S: My secret identity!
L: Whaddya mean?
S: You called me a KENT!!
L: That’s NOT what I called you.
*being wrestled away from mall santa by security* u hav TWO WEEKS until deadline and ur out here doing PHOTO OPS?! WHOS DOINGE THE REAL WORK
Jurassic Park 7: Nothing goes wrong and everyone just genuinely enjoys the company of the dinosaurs
Pregnant women go through a “nesting” phase where they make a tree fort out of twigs and parts of men they’ve killed.
if the aliens landed today I would be like 5% surprised
I bought a dead houseplant so it wouldn’t stick out like a sore thumb once I got it home and put it with the others.
I don’t think there’s anything going on with Taylor Swift and Travis Kelce.

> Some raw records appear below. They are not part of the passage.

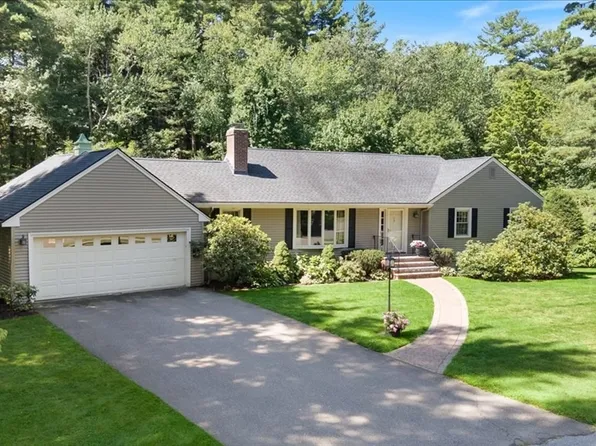 15 Chatham Way, Lynnfield, MA 01940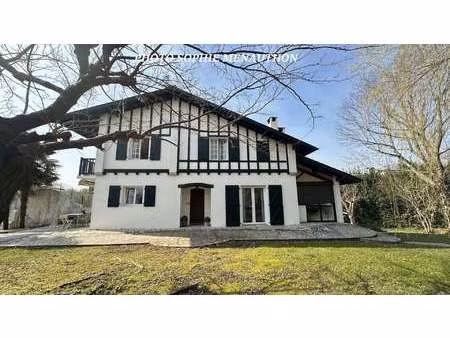 maison de luxe à vendre à bayonne : 840 000 € | 180m²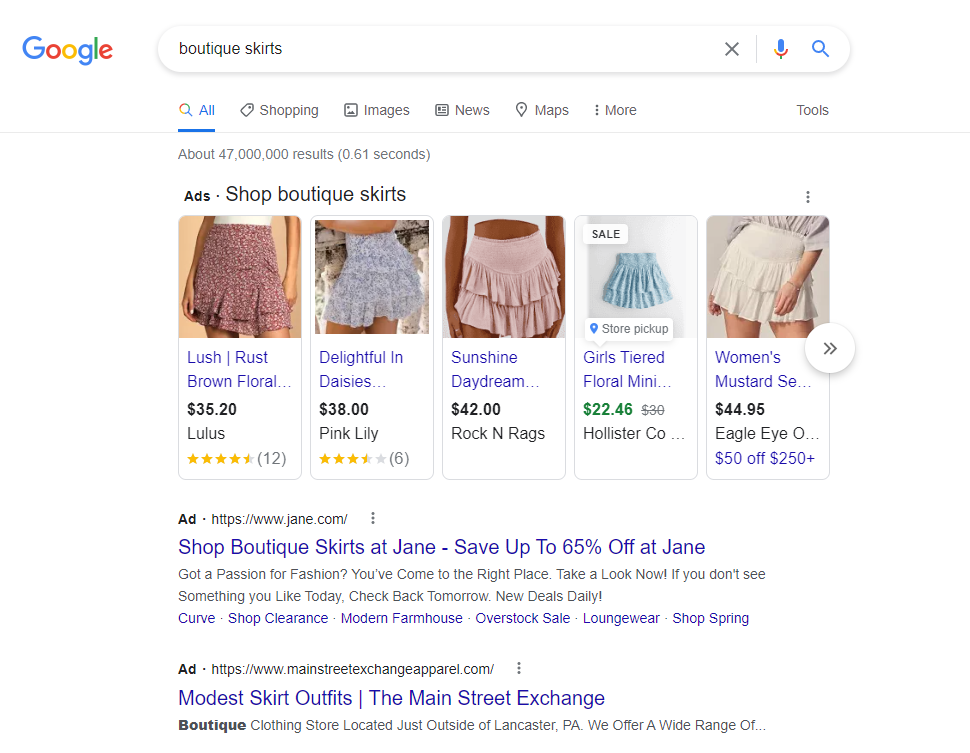 um SERP para o termo “saias boutique” exibindo anúncios PPC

I think she went to the game for the same reason any of us do, hoping that they’ll run out of players and the coach will see us in the stands and be like “call me crazy, but this might just work”.
me: I wish there were more hours in my day
the sun at 5:30 a. m.: hey
m; eew. no. not you.
I keep a chalk outline of myself drawn outside my house so any murderers think, “dang, someone’s already got the murdering covered here”
Vin Diesel: Is it fast?
Car Salesman: Yes, sir. It is very fast.
Vin Diesel: Oh yeah? *leans in close* Is it furious?
Detective: one of you is the murderer
The actual murderer: *remains calm*
Me, innocent: *starts sweating, heart rate goes through roof, displays every sign of guilt it is possible to display*
Him: If you’re so smart, name all 50 states!
Me: Drunken, Stoned, tipsy, sad, happy, sloppy, loved, confused, exhausted, ecstatic, fatigued…
Him: Ok,enough FFS.
Me: oooo, angry!
I see it’s garbage day on twitter again.
My pet name for my manhood, for obvious reasons, is Whitesnake…You know, cuz… “Here I go again on my own”.
Two blondes walk into a building… you’d think at least one of them would have seen it.
The guy said “Violence is never the answer” and I said “What if the question is ‘What is never the answer?’” and he punched me in the face.
*i before e except after c.
Unless you’re an 8yo heir planning a heist to seize a surveillance sleigh owned by a sheik at a reindeer farm.
If I were a doctor I would become assassinated by the insurance industry after publicly evincing the curative properties of a hot dog and a soda
If you ever see me with one of those stick figure family bumper stickers it means I’m dead and someone is wearing my skin
Who called it a hot dog rolling grill and not a roller toaster
Wish I had a friend named Keith who was good at fighting just so I could call him a keithal weapon.
*opens assassination store*
*makes a killing*
Before you cut the sleeves off your acid wash denim jacket, read the warning label about the associated risks of dying from too much sex.
If you’re not carrying around matchbooks from places you’ve been recently I don’t know why you don’t want your murder to be solved
I had my arm bandaged all day because I got a large tattoo yesterday. So today coworkers were all, “WHAT HAPPENED?”
My answered ranged from “arm herpes” to “sex swing injury.”